It’s the hottest topic in franchising. Always. How do I get more leads? What are you doing that works?
In order to understand the candidate’s journey, you first have to understand the landscape of franchising.
We have covered this before. There are more franchisors than ever before. The economy is good, so while there are more people who are interested in franchising, the time from interest to purchase takes longer. Brands are spending more money than ever before on lead generation, yet, fewer are saying they are satisfied with their lead outcomes. More money spent means more competition fighting for the same leads you want – qualified and ready to buy.
Now that the basics are established, if I were running a franchise company, here’s what my viewpoints would be around leads:
- Franchisees are the best salespeople. Your sales team is not simply your sales team, it is whatever team is dedicated to improving franchisee satisfaction.
- Singular sources don’t work. A collective marketing approach has proven time and time again the best possibility of results.
- When you spend money on franchise marketing, you don’t get an immediate return. Is there a chance? Absolutely. Perhaps someone who is interested in buying a franchise learns about your brand in the middle of their process and inquires. But the majority of activities take six months to create actions. That means you are working for results in October now.

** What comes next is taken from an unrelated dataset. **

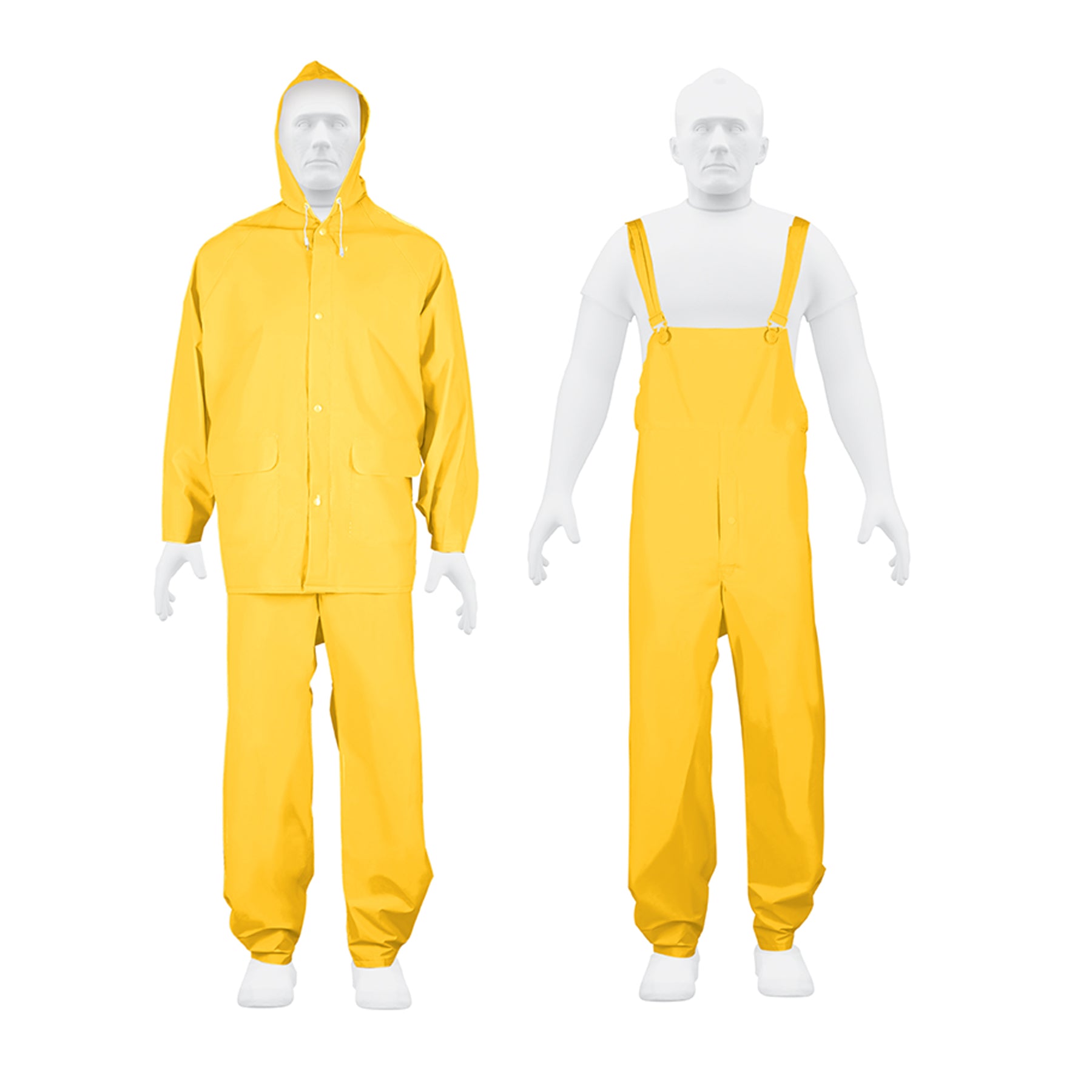 100914 Conjunto impermeable triple capa, talla XG, Truper Expert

- The number one indicator of whether or not your entire company’s process is working is deals. Second is applications. Third is leads. Reverse measure.

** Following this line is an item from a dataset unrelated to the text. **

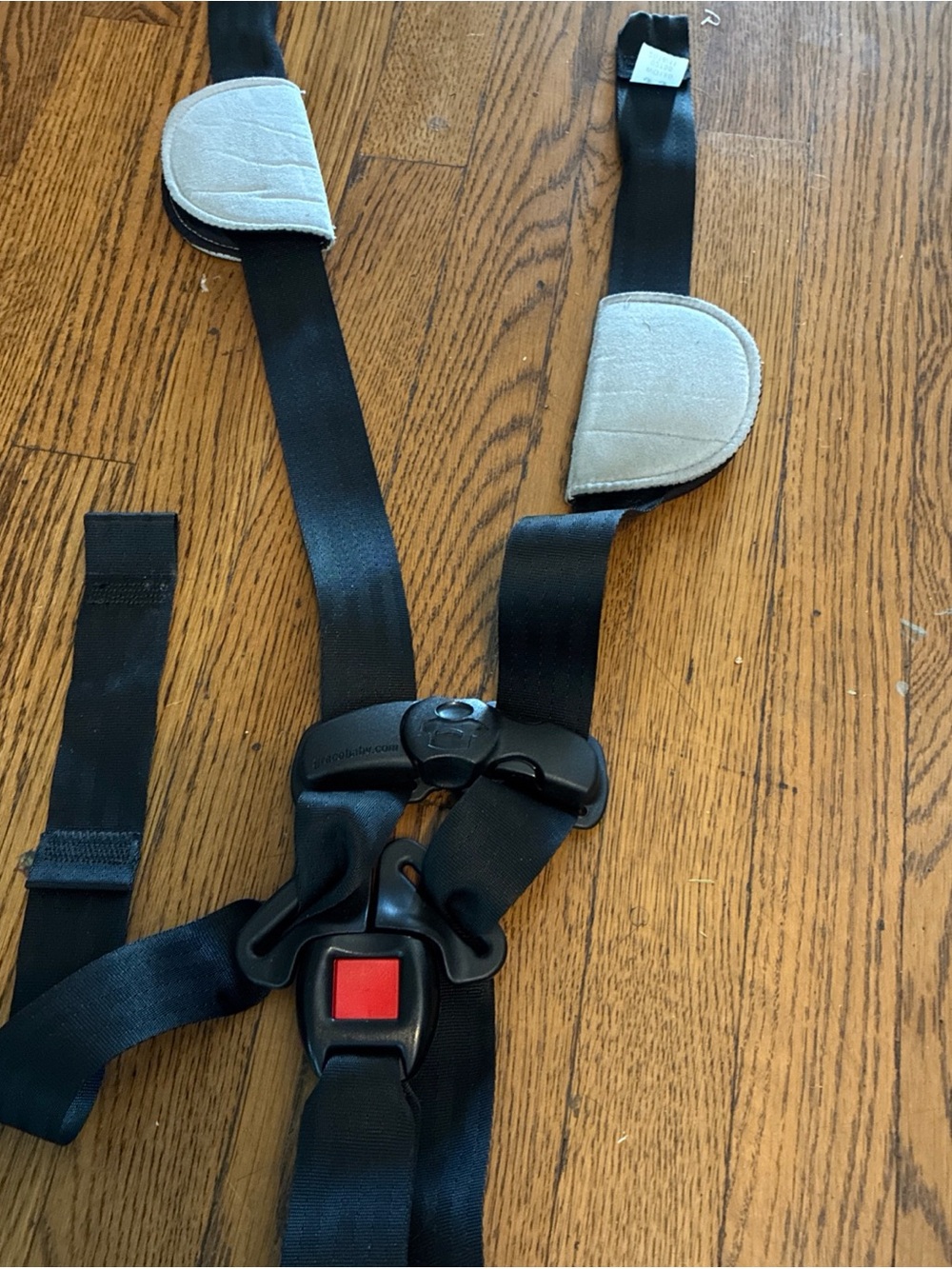 Graco 4ever extend2fit replacement harness chest clip seatbelt buckle car seat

- If you are not closing deals, look at a few things. First, what is franchisee satisfaction? Are franchisees motivated to grow? If the answer is no, plan on increasing your franchise budget significantly. Second, look at your website. If it is not converting the leads you want, it may be time to change. Third, look at the speed of reply and the depth of reply by your sales team. Are they building relationships?

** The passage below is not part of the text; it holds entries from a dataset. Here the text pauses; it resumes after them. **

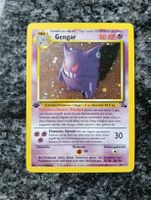Pokémon Fossil 1 Edition Gengar Holo 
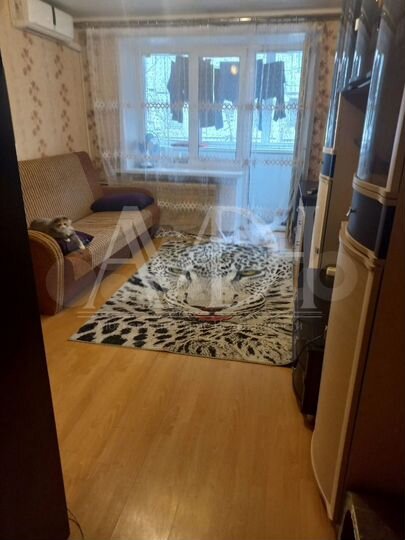 3-к. квартира, 52 м², 5/5 эт.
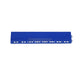 Tegiwa Duramat Vented Tile Garage Workshop Edge Ramps 40cm Blue / Male (Hook Fit) Accessories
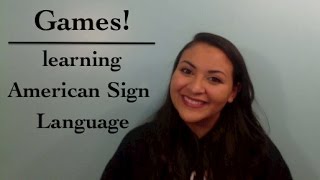Games for learning American Sign Language! screenshot 4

- Brands that are growing have buzz, validation, great unit level economics and consistent delivery of stories. How does your brand match-up to those characteristics?
If you were to hand me your budget today, here’s what I would do to increase leads:
- Create content (written, video, PR) around validators. Place a heavy weight on telling their stories, including why they bought, why they continue to invest and why they believe in the company.
- Put this content in as many places as possible.
- Build relationships with leads. The second they inquire, connect with them on LinkedIn.
- Post content on LinkedIn to continue the conversation.
- Invest a little into PPC. Invest more in driving people to those pieces of content created.
- Create content around oppositions. Why would someone not buy your brand? Answer these reasons with longer, in-depth content. Use franchisees to help answer these.
- Market that content.
- Localize your spend. Focus on key growth markets that have existing units and growth. I would split the budget up to have 70 percent focus on this and 30 percent focused on others.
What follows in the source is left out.